Octahedron vertex coordinates are easy to write down. Here are vertices for an octahedron of edge length
sqrt(2):
( 1, 0, 0)
(-1, 0, 0)
( 0, 1, 0)
( 0,-1, 0)
( 0, 0, 1)
( 0, 0,-1)
If the slider is set to 0.5, the blue triangles become right-angled, and pairs of them merge to form the six square faces of a Cuboctahedron.
Understanding what is happening here is a little tricky. I have to explain what the applet is actually doing. It uses a method of "slicing" that is a spin-off from my Hyperspace Polytope Slicer. The blue surfaces are made by slicing the Octahedron with infinite planes. These planes are defined by triplets of selected edge-points, as described above.
For slider settings <0.5 (described above), the effect of the slicing is easy to see because the slices create the blue triangles whose corners are the selected edge-points that define the slicing plane. Each pair of slicing planes meets in a raised edge under an Octahedron vertex.
When the slider setting reaches 0.5, that edge is no longer raised. In fact there is no edge because the pair of slicing planes coincide.
As the slider setting is increased above 0.5, the edge where the planes meet is depressed rather than raised. The two planes undercut each other and the solid figure detaches from the Octahedron edges.

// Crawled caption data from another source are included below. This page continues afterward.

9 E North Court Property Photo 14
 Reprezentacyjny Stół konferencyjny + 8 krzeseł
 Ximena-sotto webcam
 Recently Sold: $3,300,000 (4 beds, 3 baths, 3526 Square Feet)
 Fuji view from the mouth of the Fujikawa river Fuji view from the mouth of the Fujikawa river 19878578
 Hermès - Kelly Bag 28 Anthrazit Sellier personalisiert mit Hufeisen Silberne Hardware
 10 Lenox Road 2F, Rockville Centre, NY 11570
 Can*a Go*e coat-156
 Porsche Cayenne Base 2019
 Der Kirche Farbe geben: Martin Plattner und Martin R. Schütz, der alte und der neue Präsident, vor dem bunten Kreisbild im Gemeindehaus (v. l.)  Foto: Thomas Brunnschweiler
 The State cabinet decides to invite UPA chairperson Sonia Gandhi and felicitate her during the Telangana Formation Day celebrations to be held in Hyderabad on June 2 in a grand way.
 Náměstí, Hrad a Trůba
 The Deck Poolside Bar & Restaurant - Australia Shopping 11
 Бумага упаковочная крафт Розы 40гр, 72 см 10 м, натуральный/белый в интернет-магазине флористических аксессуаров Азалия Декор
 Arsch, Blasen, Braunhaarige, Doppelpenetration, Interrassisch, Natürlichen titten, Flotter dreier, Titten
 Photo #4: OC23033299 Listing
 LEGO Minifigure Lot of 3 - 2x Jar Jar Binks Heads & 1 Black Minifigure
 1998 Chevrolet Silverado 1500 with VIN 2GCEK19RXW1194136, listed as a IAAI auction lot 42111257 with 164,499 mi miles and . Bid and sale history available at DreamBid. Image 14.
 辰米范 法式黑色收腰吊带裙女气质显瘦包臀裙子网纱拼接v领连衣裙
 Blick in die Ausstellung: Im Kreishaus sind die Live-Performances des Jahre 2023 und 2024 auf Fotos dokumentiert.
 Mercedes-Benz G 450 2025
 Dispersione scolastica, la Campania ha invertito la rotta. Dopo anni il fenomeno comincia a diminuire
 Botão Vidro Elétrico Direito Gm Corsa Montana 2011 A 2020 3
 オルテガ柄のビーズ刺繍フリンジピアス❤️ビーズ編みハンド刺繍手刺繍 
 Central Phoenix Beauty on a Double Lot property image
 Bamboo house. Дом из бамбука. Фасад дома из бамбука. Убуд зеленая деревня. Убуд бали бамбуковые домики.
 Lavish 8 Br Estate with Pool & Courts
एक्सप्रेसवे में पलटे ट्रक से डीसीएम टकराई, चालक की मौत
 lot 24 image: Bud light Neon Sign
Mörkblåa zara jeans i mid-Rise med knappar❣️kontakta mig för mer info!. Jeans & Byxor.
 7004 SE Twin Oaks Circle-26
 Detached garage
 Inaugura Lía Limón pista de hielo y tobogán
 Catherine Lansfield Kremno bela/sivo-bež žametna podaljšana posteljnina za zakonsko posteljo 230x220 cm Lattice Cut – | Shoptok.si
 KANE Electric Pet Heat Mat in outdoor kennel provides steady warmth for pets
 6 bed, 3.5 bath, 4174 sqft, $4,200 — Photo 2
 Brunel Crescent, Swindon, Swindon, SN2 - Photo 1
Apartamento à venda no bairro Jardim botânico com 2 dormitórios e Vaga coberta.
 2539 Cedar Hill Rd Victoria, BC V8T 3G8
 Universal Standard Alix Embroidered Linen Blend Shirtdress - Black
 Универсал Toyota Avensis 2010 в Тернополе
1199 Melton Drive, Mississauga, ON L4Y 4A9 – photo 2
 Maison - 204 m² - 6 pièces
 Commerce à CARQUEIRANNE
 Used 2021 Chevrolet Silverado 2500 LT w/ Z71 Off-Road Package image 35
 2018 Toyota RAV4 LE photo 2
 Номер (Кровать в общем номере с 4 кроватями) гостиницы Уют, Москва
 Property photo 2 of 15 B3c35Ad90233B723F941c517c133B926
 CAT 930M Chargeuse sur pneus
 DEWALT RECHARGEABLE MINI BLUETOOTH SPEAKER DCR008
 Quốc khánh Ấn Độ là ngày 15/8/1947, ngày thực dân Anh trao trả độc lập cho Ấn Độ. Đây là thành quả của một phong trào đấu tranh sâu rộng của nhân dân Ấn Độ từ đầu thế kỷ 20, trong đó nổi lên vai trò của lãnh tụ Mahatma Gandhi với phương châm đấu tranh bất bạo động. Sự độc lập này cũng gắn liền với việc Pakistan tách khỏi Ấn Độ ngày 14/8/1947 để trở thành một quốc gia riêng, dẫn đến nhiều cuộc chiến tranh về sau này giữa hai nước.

You can see this most clearly if you rotate the figure so that you are looking directly down on a vertex of the Octahedron.
Note that when the solid figure has detached from the Octahedron edges, the applet draws orange lines on the Octahedron surface to indicate the locations of the selected points.
Coxeter credits P. Schönemann for the method (1873). (Schonemann01)